Employers face safety concerns with cash-for-car schemes

Employees who have opted out of company car schemes in favour of ‘cash for car’ programmes may be using unsafe vehicles for business.

This could result in employers facing legal action resulting from any employee car-related death or personal injury.

Car fleet management company Masterlease says about one-quarter of business drivers on the road had opted out of company schemes, leaving their bosses with no way of checking the safety and suitability of the vehicles they now use for business.

Drawing on figures from the latest NOP Automobile Survey, Masterlease said more than 50% of existing opt-out drivers chose secondhand cars and, of this figure, 22% went for used cars that were more than three years old.

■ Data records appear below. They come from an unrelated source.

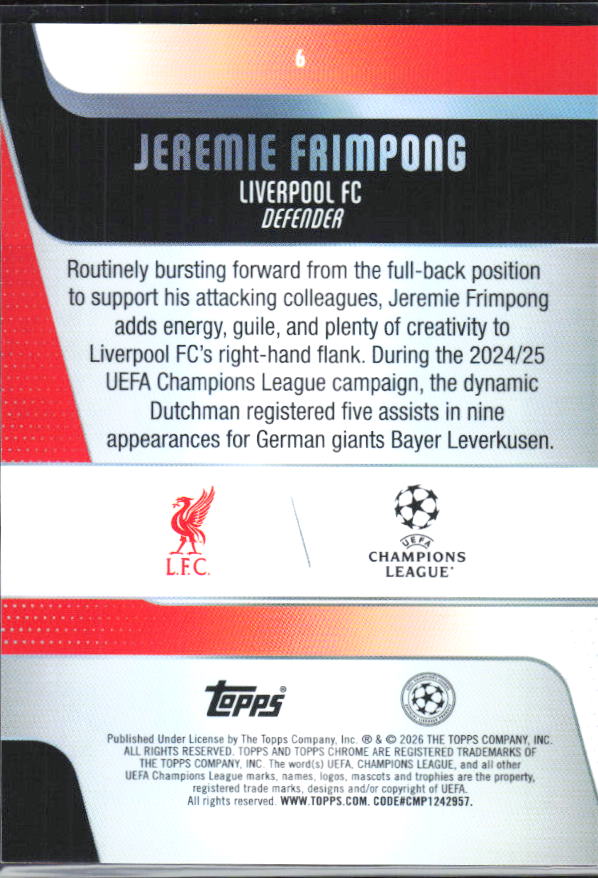 Jeremie Frimpong – 2025-26 Topps Chrome UEFA Club Competitions #6 – baksida
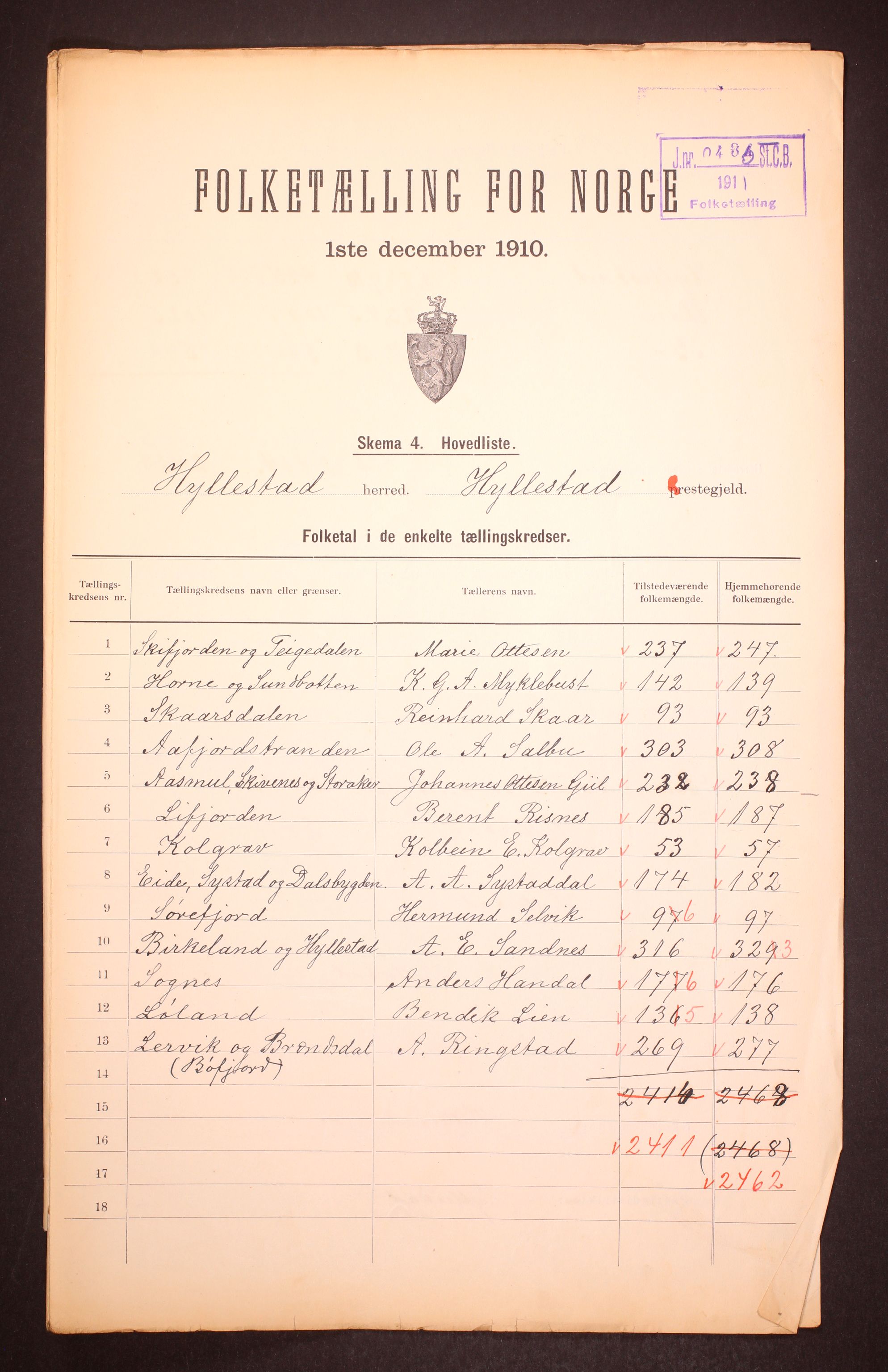 RA, Folketelling 1910 for 1413 Hyllestad herred, 1910, s. 2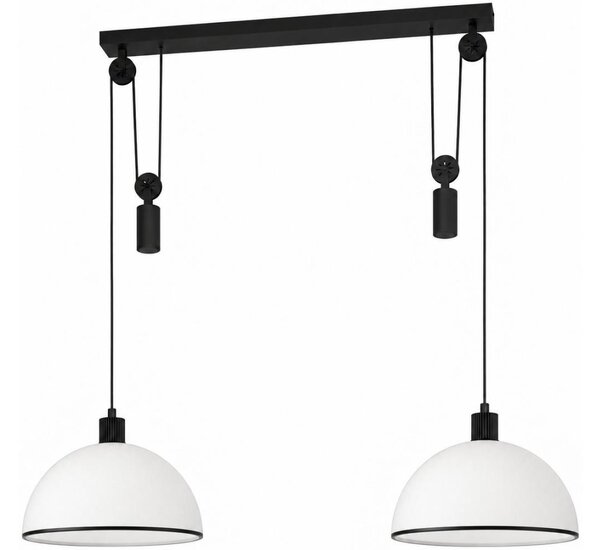 BRILAGI - LED полилей на кабел RETRO GLASS 2xE27/40W/230V черен/бял
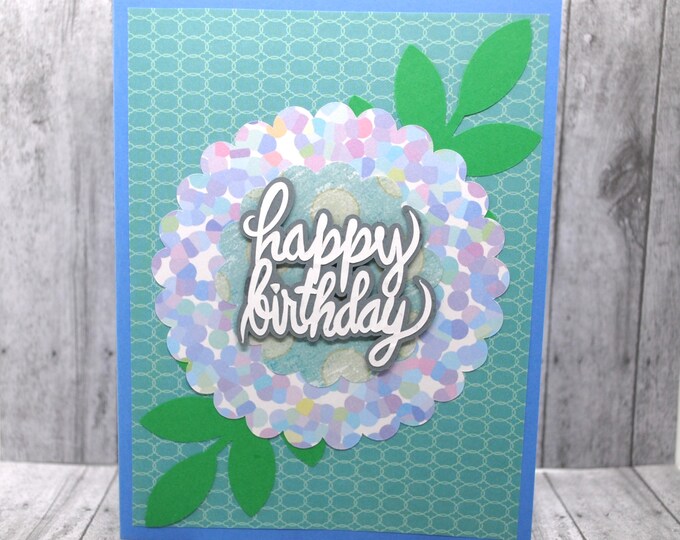 Flower Birthday Card: Dots & Greenery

These statistics, Masterlease argued, set a worrying trend in terms of a company’s duty of care.

“Companies should simply say ‘no’ to employees who want to use their own vehicles for business unless the business has in place rigorous tests to examine the cars’ suitability and road-worthiness,” said Masterlease managing director Garry Hobson.

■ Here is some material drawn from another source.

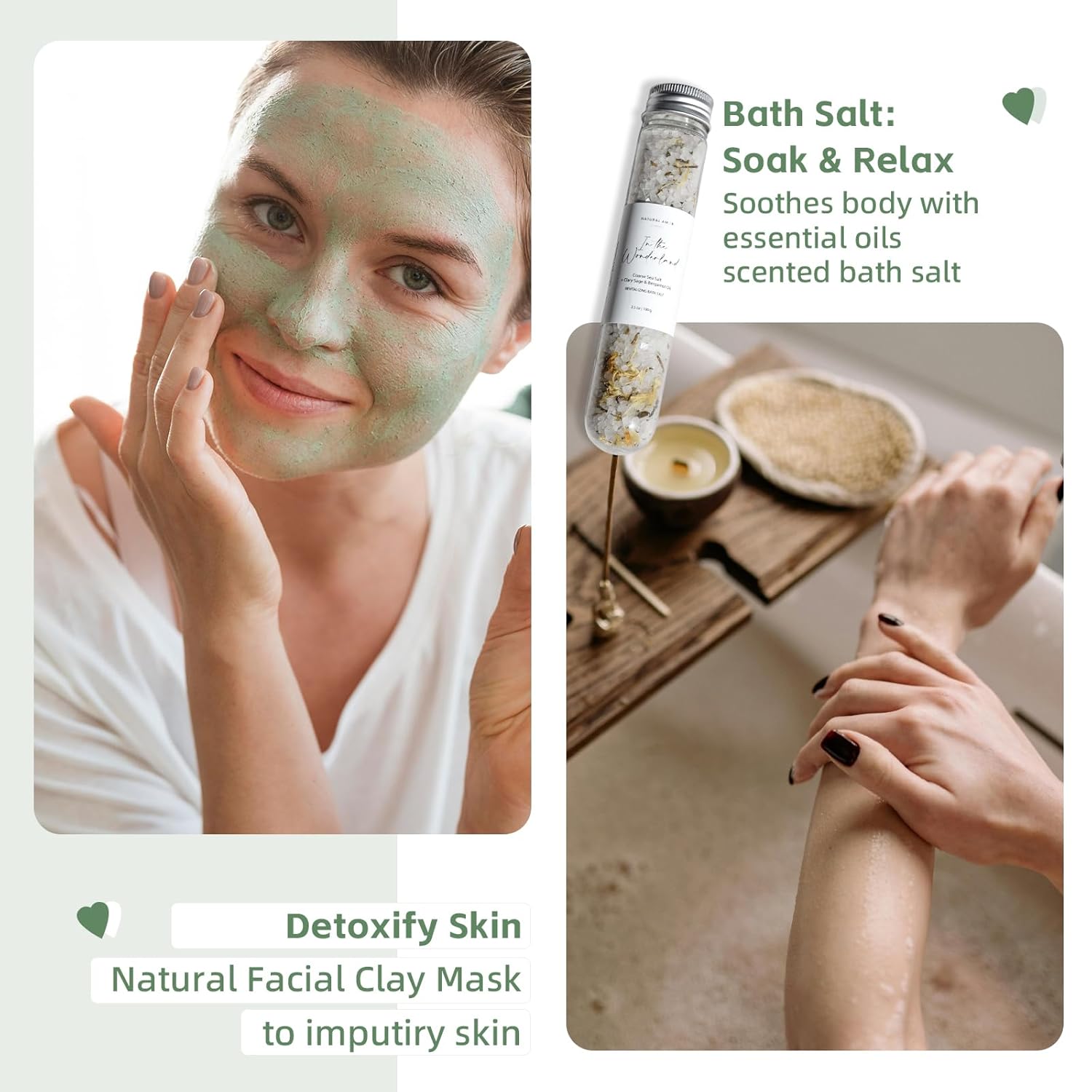 Natural Amor Handmade Spa Gift Set 6 pcs– Includes Citrus Bath Bomb, Lavender Hand Cream, Soap, Bath Salt, Candle – Relaxing Self-Care Kit for Women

He said government plans to “come down hard” on businesses that flaunt the duty of care regulations under its proposed corporate manslaughter legislation was another reason to look at company car policies.

Opt-out schemes are also bad news for companies wishing to promote a green agenda, according to Masterlease. It found 72% of opt-out drivers also choose specialist vehicles with larger, more polluting engines as their next car compared with 54% of executive car drivers who remain in company schemes.